説明

車両の走行安全装置

【課題】 予め記憶している道路データに基づく車両の走行安全性を確保しつつ、道路データの修正に要する演算量が過剰に増大することを抑制する。
【解決手段】 カーブ推定部65はカーブ認識部61での道路データに基づく認識結果および比較部63での比較結果に応じて、安全装置が作動している状態での自車両のカーブの通過状態に基づき、カーブの実形状(例えば、極性、半径、曲率、深さ等)を推定する。データ修正部66は、カーブ推定部65にて推定された推定形状と、カーブ認識部61にて認識された認識形状とが同等となるようにして、地図データ記憶部23の道路データを修正する。作動部64は、カーブ推定部65にて推定された実カーブの推定形状が、カーブ認識部61にて認識された地図カーブの認識形状よりも緩いとき、安全装置の次回以降の作動時において安全装置が作動し難くなるように設定する。

【発明の詳細な説明】
【技術分野】
【0001】
この発明は、車両の走行安全装置に関するものである。
【背景技術】
【0002】
従来、例えば、ナビゲーションシステムに記憶した経路案内用のデータに加えて、車両の挙動変化や外部環境の変化に基づき走行軌跡データを取得し、この走行軌跡データに基づいて車両制御を実行する車両制御装置が知られている(例えば、特許文献1参照)。

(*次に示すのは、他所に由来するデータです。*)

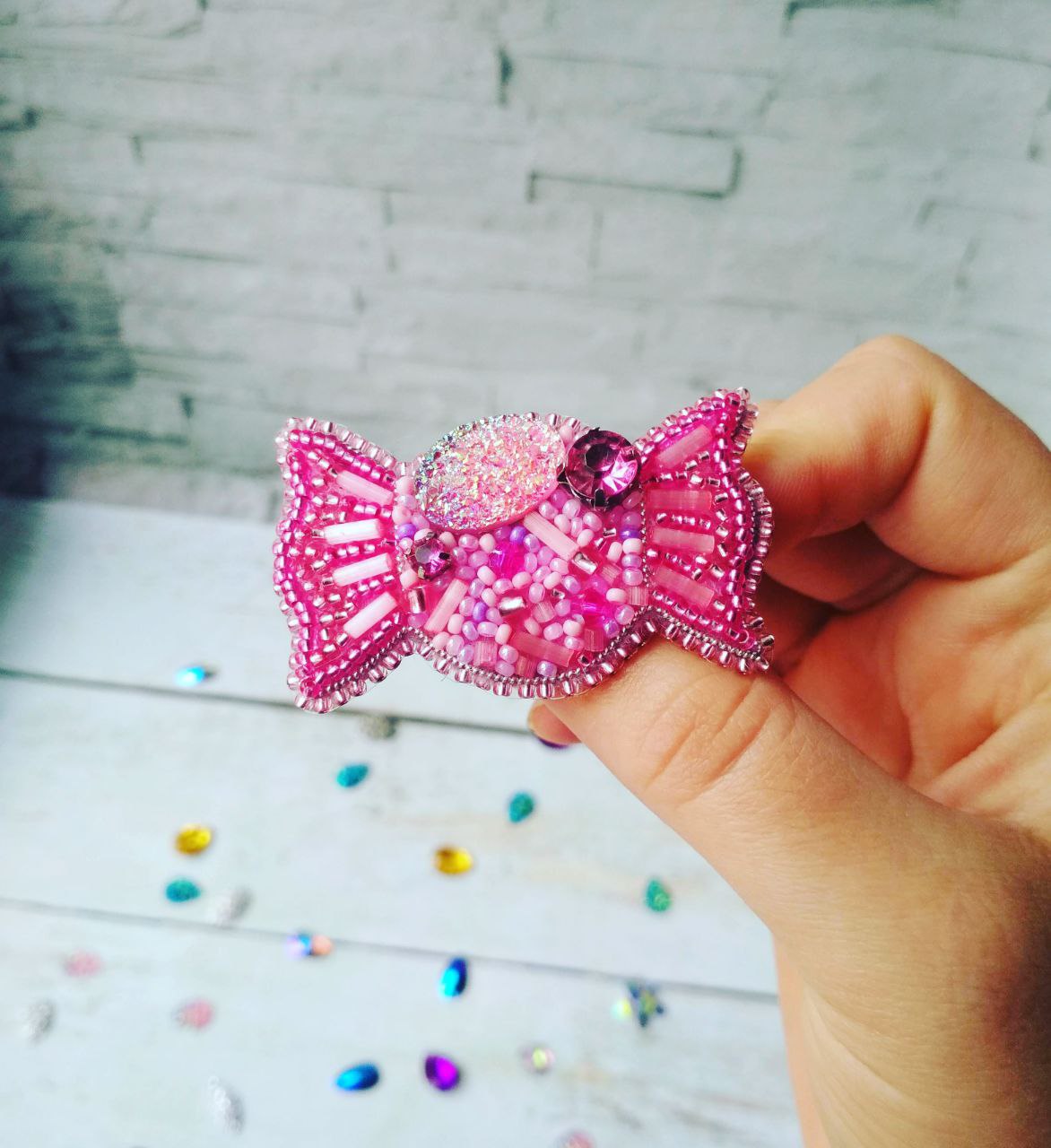 playful candy design brooch handmade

また、従来、例えば、道路の位置及び形状を構成するノードデータ等を予めデータベースとしてデータ記憶部に格納しておき、車両の走行に伴い、例えばジャイロセンサにより検出された旋回角や所定の算出処理により算出された走行時間に基づき走行軌跡を検知し、ノードデータ上の道路の形状と走行軌跡の形状とを比較し、形状が異なる部分が存在した場合にデータベースを修正するナビゲーション装置が知られている(例えば、特許文献2参照)。
【特許文献1】特開平11−328582号公報
【特許文献2】特開2001−108450号公報
【発明の開示】
【発明が解決しようとする課題】
【0003】
ところで、上記従来技術の一例に係る車両制御装置においては、経路案内用のデータと、走行軌跡データとの両方のデータを記憶することから、例えば共通のデータにより経路案内および車両制御を行う場合に比べて、データの記憶に要する記憶容量が増大してしまうという問題が生じる。しかも、経路案内用のデータと走行軌跡データとで道路形状や位置等に相違が存在する場合には、経路案内と車両制御との間に不整合が生じ、運転者が違和感を感じてしまう虞がある。

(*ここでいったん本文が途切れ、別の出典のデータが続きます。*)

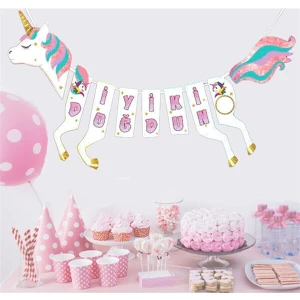 My Party Ready 3D Unicorn Iyiki Doğdun Banner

また、上記従来技術の一例に係るナビゲーション装置においては、車両走行中のナビゲーション装置による経路案内の実行時に、常に、ノードデータ上の道路の形状と走行軌跡の形状とを比較し、形状が異なる部分が存在した場合にデータベースを修正することから、例えばデータベースを修正する必要度が相対的に低いと判断することができる道路形状等に対してもデータベースが修正されてしまう場合があり、過剰な頻度でデータベースの修正処理が実行されることを抑制すると共に、修正に要する演算量が過剰に増大してしまうことを抑制することが望まれている。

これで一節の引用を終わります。